A 100 años de El Imperialismo Fase Superior del Capitalismo

Escribió: Nicolás Inigo Carrera

 

En el campo de la investigación científica, y por extensión el campo universitario, Lenin es un teórico proscripto. No prohibido explícitamente, pero es muy difícil encontrar referencias teóricas de Lenin.

Nosotros tomamos los aportes hechos por Lenin para trabajar en el análisis y la caracterización de la sociedad argentina, entendiéndola como movimiento. No la sociedad en movimiento, sino que la sociedad es movimiento. Y en ese sentido quiero hacer referencia a dos puntos que están en El imperialismo y que nos han servido mucho para la caracterización de la Argentina.

El primero es la explícita referencia que hace Lenin como ejemplo de país dependiente, que no es ni gran potencia ni colonia, que es formalmente independiente, pero sujeto por lazos políticos y financieros a las grandes potencias. La caracterización de Lenin es de país o estado dependiente, no capitalismo dependiente. Esta distinción nos sirvió para poder caracterizar a la Argentina como un país de capitalismo desarrollado, donde las relaciones capitalistas están muy extendidas, donde incluso la descomposición capitalista también está extendida, porque es un capitalismo desarrollado, pero que a la vez es un país dependiente, por lo cual no tiene la capacidad de las grandes potencias, donde también el capitalismo está desarrollado, de descargar sus contradicciones en otros países dependientes. En ese sentido, buena parte del lamento que tiene la oligarquía financiera en Argentina, que tanto se expresa en el diario La Nación, acerca de cómo puede ser que un país como el nuestro no sea un país exitoso, tiene que ver con esto, es un país que tiene todas las contradicciones del capitalismo exacerbadas pero no tiene dónde descargarlas.
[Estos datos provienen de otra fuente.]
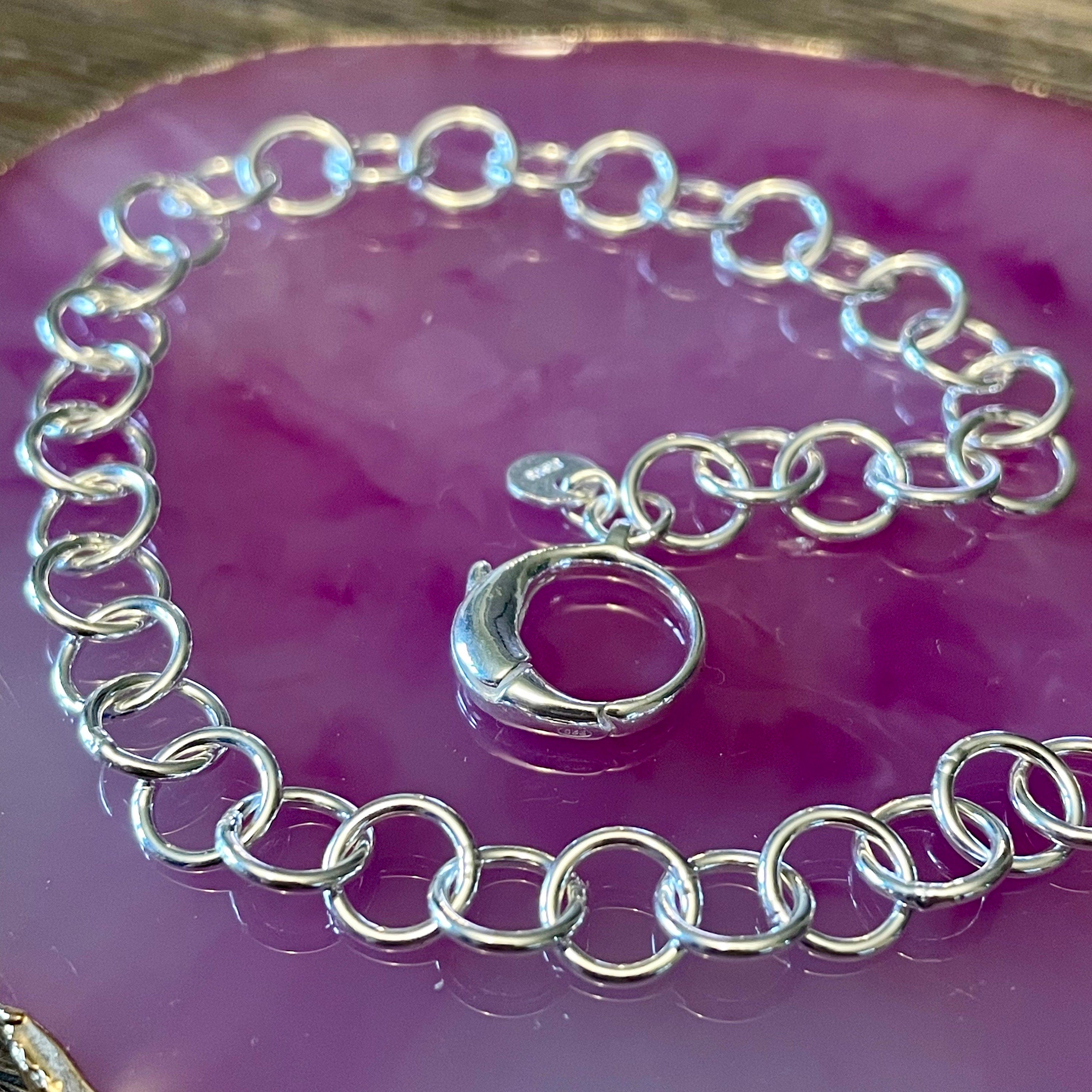 Standard Size 7.5 Inch Charm Bracelet 7mm in Sterling Silver - Recycled - Anti Tarnish  Made in Italy - Stamped 925 - Gift Idea - S37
El segundo punto tiene que ver con el tema de la “fase superior”,  que es a la vez la fase de descomposición capitalista.

Es un tema que da para un seminario aparte, pero voy a comentar lo que trabajamos nosotros. El capitalismo en Argentina y en el mundo,  está pasando por su fase de descomposición. Esto parece un absurdo cuando se ve un capitalismo potente y triunfante, sin embargo tenemos una superpoblación relativa, y aquí entraría la discusión sobre ese “ejército de reserva” o de “descarte”, concepto que utilizó el compañero antes. Al margen de esta discusión, no hay duda de que es una masa creciente en Argentina, y esta idea está en Lenin, que el desarrollo de la fase superior del capitalismo es a la vez su descomposición. Encaja perfectamente en lo que estamos viviendo: a mediados de los ‘70, cuando a nivel mundial se produce un cambio en el capitalismo, en la Argentina el porcentaje de pobres era 5%, y hoy es el 30%; en las décadas del ’60 y ‘70 la desocupación oscilaba alrededor del 3% de la PEA, y hoy los gobiernos festejan cuando es un 6 o 7%, o sea el doble de lo que era el promedio histórico. Esos son indicadores. Nosotros hicimos un cálculo sobre el peso que puede tener la población sobrante para el capital en Argentina y el resultado, grueso, fue 2/3 de la población. Y esta población que al capital le sobra no son sólo pobres: incluye, por ejemplo, a los científicos, porque para la perspectiva del gran capital, la investigación científica se hace en EEUU, en Europa y los demás deben comprar el resultado terminado. Por lo tanto, nosotros hacemos tareas que para la concepción del capital, sobran. Hay que ser consciente de esto y no pensar que ese porcentaje solo comprende a los miserables que recogen la basura y que comen de los tachos.

Descarte somos todos nosotros. Cuando uno dice que el capitalismo está en su fase de descomposición suena aberrante, pero si uno piensa en términos de larga duración, los procesos de descomposición de un sistema o un modo productivo, no son de diez ni de cien años, son procesos de siglos. Por lo tanto cuando hablamos de “socialismo o barbarie”, hay que comprender que la descomposición es la barbarie. La guerra de todos contra todos es la descomposición. Esto está muy bien descripto por Engels en un libro que tiene casi 200 años, que es La situación de la clase obrera en Inglaterra. Engels señala muy fuertemente el tema de la amenaza que el desarrollo capitalista significa para la naturaleza y para la humanidad. Hay una descripción en ese libro que parece referirse a la Argentina de hoy, que habla de la descomposición y afirma que presenta dos luchas, la de clases y la de todos contra todos, donde no importa si eres de abajo o de arriba.